◆ Recorded data ◆

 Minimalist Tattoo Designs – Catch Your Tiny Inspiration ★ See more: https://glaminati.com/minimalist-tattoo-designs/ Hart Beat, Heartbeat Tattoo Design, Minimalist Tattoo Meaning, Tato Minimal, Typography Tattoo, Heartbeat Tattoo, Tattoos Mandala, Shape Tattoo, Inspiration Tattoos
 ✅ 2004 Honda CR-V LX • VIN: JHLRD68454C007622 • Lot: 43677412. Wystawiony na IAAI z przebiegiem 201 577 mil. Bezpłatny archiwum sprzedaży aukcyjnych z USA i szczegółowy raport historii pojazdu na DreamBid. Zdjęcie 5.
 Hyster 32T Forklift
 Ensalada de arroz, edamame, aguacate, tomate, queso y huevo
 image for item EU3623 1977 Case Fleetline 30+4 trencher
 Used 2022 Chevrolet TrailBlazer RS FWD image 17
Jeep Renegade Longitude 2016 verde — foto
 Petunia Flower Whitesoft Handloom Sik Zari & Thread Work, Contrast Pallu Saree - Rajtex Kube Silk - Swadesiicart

◆ What is needed ◆
Output the entries exactly. Leave nothing out.

◆ Exercise solution ◆
 Minimalist Tattoo Designs – Catch Your Tiny Inspiration ★ See more: https://glaminati.com/minimalist-tattoo-designs/ Hart Beat, Heartbeat Tattoo Design, Minimalist Tattoo Meaning, Tato Minimal, Typography Tattoo, Heartbeat Tattoo, Tattoos Mandala, Shape Tattoo, Inspiration Tattoos
 ✅ 2004 Honda CR-V LX • VIN: JHLRD68454C007622 • Lot: 43677412. Wystawiony na IAAI z przebiegiem 201 577 mil. Bezpłatny archiwum sprzedaży aukcyjnych z USA i szczegółowy raport historii pojazdu na DreamBid. Zdjęcie 5.
 Hyster 32T Forklift
 Ensalada de arroz, edamame, aguacate, tomate, queso y huevo
 image for item EU3623 1977 Case Fleetline 30+4 trencher
 Used 2022 Chevrolet TrailBlazer RS FWD image 17
Jeep Renegade Longitude 2016 verde — foto
 Petunia Flower Whitesoft Handloom Sik Zari & Thread Work, Contrast Pallu Saree - Rajtex Kube Silk - Swadesiicart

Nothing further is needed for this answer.